Stored data>
####

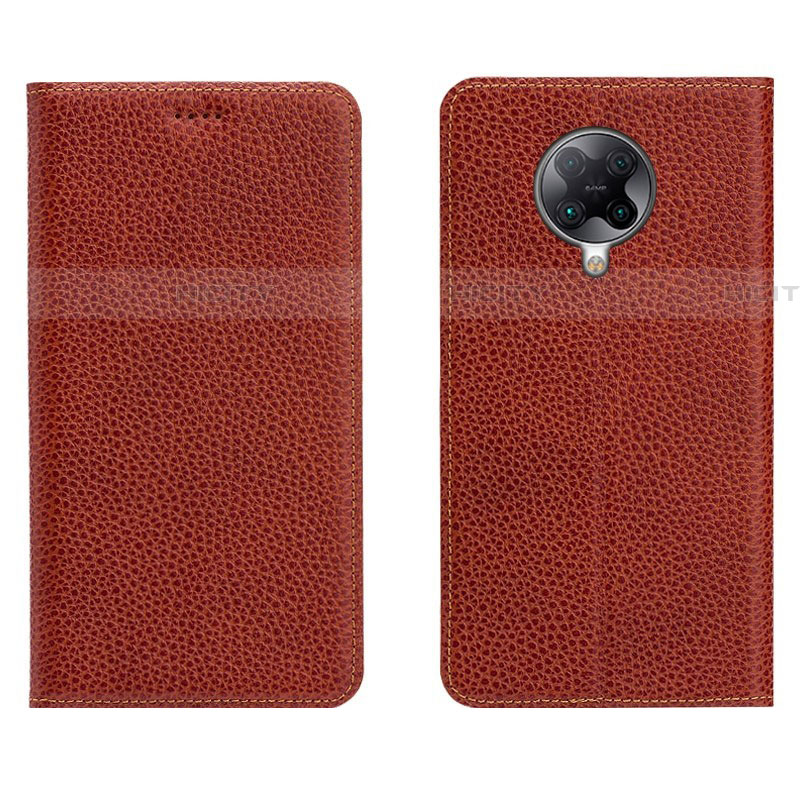 Coque Portefeuille Livre Cuir Etui Clapet L01 pour Xiaomi Poco F2 Pro Marron Plus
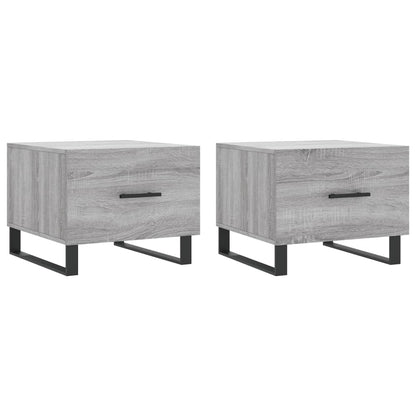 vidaXL Tables basses 2 pcs Gris Sonoma 50x50x40 cm Bois d'ingénierie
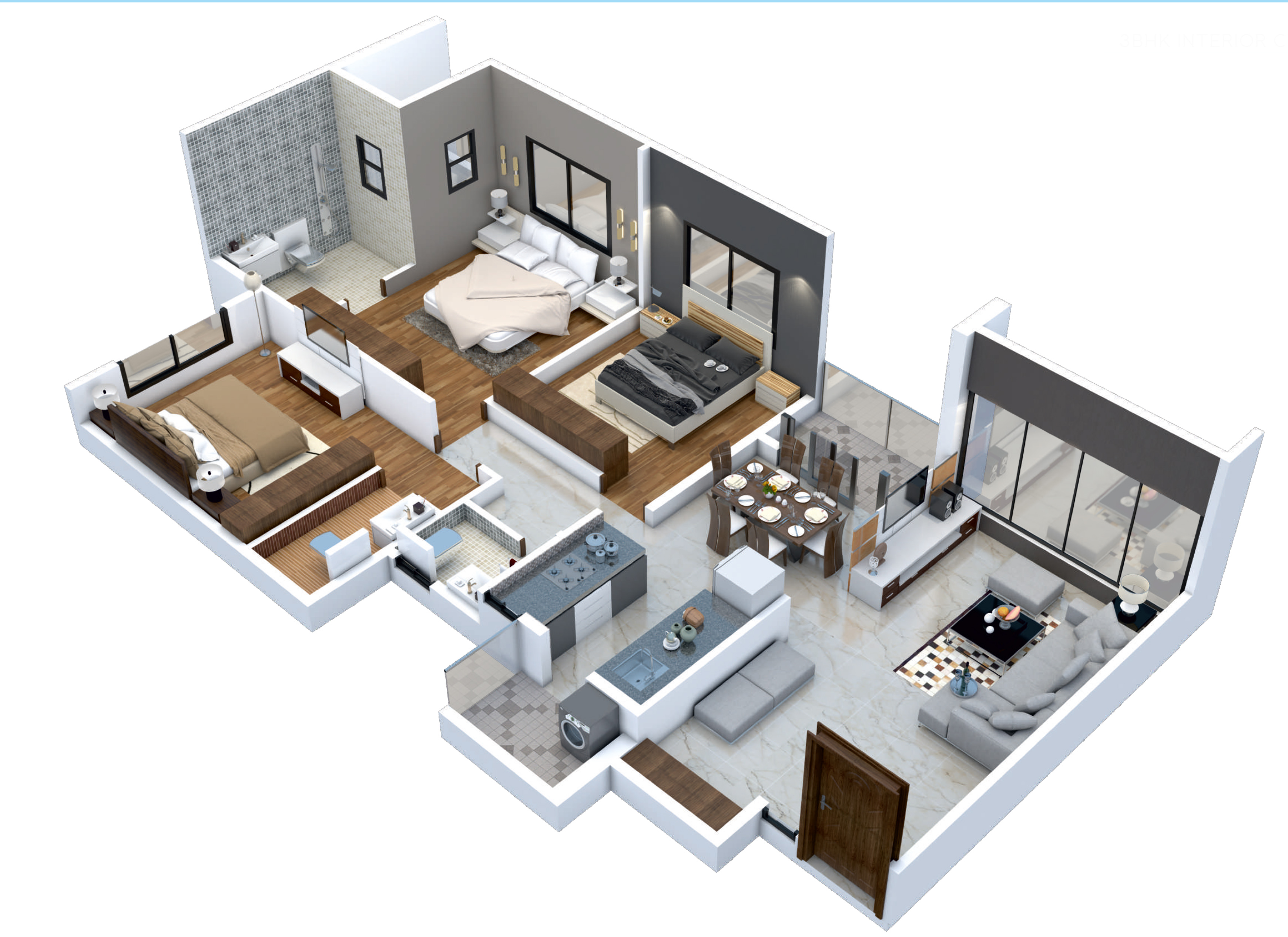 3 bhk interior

####

The task> With the pictures removed, write the listing out word for word.

Written solution>
 Coque Portefeuille Livre Cuir Etui Clapet L01 pour Xiaomi Poco F2 Pro Marron Plus
 vidaXL Tables basses 2 pcs Gris Sonoma 50x50x40 cm Bois d'ingénierie
 3 bhk interior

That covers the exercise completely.